The company is also to sell its Finnish building materials merchant Puukeskus Oy to a private equity investor for an undisclosed sum.
“We have been selling off business units since 1996,” said UPM’s senior vice president of investor relations Olavi Kauppila. “ We decided to focus on non-core businesses and sell them. We have now almost completed that process.”
UPM’s sale of the Eteläesplanadi 2 head office (ttjonline March 07) to German-based Allianz Lebensversicherungs AG will result in a capital gain of around €37m.
About 300 UPM staff will remain at Eteläesplanadi 2 under a long-term lease arrangement. Around 100 staff have transferred to more cost-efficient premises.
Meanwhile, UPM’s sale of Puukeskus to Triton, expected to be completed during the third quarter, is part of the company’s plan to sell its wood products merchants to concentrate on its core business.

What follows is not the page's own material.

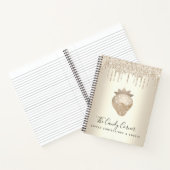 金ゴールドイチゴグリッタードリップス菓子 ノートブック (内部)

Puukeskus operates 28 branches in Finland and one in Estonia. It will continue to be the sole distributor of UPM products to building companies, consumers and other customers in Finland and Estonia.
UPM, which will make a capital gain of €90m from the sale, will continue to serve its big industrial customers direct.
The company says its profitability improvement programme is progressing as planned but €123m costs associated with the programme, plus a €110m value reduction in the group’s Finnish forest assets, will reduce second quarter profits.